The goal of the P30 Duke Transdisciplinary Prevention Research Center (TPRC) was to facilitate the translation of basic-science knowledge about regulatory processes and peer influences into innovative research efforts to prevent substance use and related problems in adolescents. As stipulated by the National Institutes of Health, a P30 Center does not directly conduct empirical investigations but, rather, exists to enhance funded projects and members.
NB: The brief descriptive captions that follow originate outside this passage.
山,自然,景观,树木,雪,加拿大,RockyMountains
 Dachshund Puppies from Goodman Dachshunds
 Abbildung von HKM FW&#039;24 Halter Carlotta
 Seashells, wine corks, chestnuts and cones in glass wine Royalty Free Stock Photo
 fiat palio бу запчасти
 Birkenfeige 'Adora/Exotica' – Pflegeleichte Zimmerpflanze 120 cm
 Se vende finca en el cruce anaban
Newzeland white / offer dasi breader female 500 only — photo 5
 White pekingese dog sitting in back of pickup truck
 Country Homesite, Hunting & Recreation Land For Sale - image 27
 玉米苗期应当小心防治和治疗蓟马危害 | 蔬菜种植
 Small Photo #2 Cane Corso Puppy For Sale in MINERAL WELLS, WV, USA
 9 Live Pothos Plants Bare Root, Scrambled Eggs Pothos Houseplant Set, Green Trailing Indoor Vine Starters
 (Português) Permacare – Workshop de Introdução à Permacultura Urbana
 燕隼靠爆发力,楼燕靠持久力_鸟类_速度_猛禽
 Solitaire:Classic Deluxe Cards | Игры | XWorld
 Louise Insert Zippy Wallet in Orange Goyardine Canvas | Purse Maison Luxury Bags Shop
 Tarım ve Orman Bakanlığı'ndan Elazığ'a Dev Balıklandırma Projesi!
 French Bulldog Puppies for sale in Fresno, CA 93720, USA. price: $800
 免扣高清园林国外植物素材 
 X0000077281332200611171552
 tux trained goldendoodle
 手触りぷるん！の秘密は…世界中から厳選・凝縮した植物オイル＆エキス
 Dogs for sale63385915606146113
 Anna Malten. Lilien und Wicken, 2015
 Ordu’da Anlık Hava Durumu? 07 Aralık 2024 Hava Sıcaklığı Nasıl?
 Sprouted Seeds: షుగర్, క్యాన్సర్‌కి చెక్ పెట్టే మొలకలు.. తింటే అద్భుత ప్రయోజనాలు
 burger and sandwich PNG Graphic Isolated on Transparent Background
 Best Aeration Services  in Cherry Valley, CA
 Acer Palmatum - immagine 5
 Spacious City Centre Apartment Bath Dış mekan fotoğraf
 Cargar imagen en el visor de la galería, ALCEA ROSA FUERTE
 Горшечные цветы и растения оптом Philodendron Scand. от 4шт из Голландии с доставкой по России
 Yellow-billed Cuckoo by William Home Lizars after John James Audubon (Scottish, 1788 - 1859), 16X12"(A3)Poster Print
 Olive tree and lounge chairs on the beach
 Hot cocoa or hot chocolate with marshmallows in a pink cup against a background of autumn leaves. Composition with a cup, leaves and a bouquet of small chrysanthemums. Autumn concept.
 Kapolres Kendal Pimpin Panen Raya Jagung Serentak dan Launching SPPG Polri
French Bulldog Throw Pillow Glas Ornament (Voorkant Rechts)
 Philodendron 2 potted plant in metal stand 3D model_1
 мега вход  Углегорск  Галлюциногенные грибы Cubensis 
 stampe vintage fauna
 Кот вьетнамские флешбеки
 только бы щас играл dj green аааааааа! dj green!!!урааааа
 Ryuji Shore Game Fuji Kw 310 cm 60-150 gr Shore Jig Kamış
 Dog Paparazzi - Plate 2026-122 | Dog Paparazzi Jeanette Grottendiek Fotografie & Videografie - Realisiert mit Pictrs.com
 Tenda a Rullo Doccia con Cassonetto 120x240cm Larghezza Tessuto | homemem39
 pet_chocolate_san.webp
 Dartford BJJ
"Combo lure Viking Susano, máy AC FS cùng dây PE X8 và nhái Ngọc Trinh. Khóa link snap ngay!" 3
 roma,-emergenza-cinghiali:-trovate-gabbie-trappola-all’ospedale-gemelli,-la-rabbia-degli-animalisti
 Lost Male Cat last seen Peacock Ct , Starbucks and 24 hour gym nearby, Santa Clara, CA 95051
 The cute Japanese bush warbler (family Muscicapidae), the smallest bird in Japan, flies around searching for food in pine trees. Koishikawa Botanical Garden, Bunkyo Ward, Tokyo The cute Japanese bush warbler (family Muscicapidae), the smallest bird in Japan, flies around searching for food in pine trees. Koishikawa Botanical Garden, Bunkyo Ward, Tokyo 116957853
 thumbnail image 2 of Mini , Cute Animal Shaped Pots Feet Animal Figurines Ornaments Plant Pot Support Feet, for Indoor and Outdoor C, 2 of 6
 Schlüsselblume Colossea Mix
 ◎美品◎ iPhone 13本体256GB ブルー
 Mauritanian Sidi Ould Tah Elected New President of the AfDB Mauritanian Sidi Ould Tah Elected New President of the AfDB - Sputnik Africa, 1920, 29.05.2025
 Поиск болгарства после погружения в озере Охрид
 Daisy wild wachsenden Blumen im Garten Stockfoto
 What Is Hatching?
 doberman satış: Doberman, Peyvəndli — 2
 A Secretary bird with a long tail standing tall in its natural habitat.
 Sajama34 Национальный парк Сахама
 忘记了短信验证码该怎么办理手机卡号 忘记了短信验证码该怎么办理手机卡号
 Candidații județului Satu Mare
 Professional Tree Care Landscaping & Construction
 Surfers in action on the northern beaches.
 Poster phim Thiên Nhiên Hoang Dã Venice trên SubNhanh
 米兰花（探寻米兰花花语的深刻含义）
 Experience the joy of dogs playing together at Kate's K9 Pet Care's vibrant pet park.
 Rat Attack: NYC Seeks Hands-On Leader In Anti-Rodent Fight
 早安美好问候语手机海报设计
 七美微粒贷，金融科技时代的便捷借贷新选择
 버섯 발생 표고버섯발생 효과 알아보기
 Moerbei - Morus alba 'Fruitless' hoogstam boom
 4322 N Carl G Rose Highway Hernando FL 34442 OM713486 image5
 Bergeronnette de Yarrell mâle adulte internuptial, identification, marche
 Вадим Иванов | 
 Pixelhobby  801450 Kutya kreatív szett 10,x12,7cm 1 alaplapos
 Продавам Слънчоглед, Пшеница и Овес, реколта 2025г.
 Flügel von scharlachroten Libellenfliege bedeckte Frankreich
The TPRC successfully initiated a broad intellectual community that included 19 faculty members from eight administrative departments and seven disciplines, ranging from pharmacology and genetics to economics and sociology, who led 25 externally funded collaborative research grants.

Project Aims

The specific aims of the TPRC were:

  1. Foster innovative translation of theories across disciplines and projects for the purposes of enhancing currently funded projects and generating new studies.
  2. Provide advanced methodological and data-analytic services to funded projects.
  3. Contribute to nascent science of dissemination and implementation by discovering ways to influence practitioners, agency directors, school leaders, and policy makers to implement evidence-based prevention efforts at scale with fidelity.
  4. Contribute to the training of the next generation of prevention scientists by enhancing ongoing funded training programs by employing predoctoral and postdoctoral scholars-in-training to serve as junior investigators.